Wiosną 2017 Szczawińska przy dramaturgicznej współpracy Jakimiak znów sięgnęła po biografię i wystawiła "Hitchcocka" w teatrze Mladinsko w Ljubljanie. Przedstawienie ze słoweńskim aktorami w charakterystyczny dla reżyserki sposób (z dystansem, humorem, zapętleniami i precyzyjnie zaprojektowanym ruchem scenicznym) rozprawiało się z wizerunkiem filmowego geniusza, obnażając przemocowy charakter jego relacji ze współpracującymi z nim aktorkami.

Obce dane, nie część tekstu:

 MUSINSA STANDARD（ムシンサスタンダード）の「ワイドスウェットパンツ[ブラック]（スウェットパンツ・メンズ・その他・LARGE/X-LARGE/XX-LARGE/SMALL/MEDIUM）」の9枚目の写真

W listopadzie 2017 artystka zaprezentowała efekt pracy na Śląsku. W sosnowieckim Teatrze Zagłębia odbyła się premiera "Wojny Światów" na podstawie kultowej powieści science fiction pióra Herberta George'a Wellsa. "To istotna przypowieść na czasy, których najważniejszym słowem jest >>kryzys<<", mówiła Szczawińska.
Remiks wspomnień
Następnie artystka postawiła na inscenizację bestsellera Eleny Ferrante – "Genialna przyjaciółka" została pokazana premierowo w lutym 2018 roku we wrocławskim Teatrze Współczesnym. "Porwała mnie nie tyle sama historia, ale to, jak Ferrante opisuje codzienność, te wszystkie kobiece wstydy, zakamarki umysłu i serca, w które spychamy wszystko, o czym nie chcemy głośno mówić.", mówiła Szczawińska przed premierą spektaklu, do którego scenografię stworzył Karol Radziszewski.
Rok 2018 artystka zakończyła stworzeniem "Nigdy więcej wojny", kameralnego, ale mocnego w spektaklu o pacyfistycznej wymowie. W przedstawieniu nagranie zawierające autentyczne wojenne wspomnienia Adeli Sz. (tak figuruje jej nazwisko w opisie), babci reżyserki, zostało poddane zbiorowemu remiksowi w wykonaniu piątki aktorów-performerów (w tym samej Szczawińskiej). Zrytmizowana kompozycja pozbawiona linearnej narracji i w zasadzie pozbawiona jednolitego tekstu została zwieńczona autorskim setem didżejskim.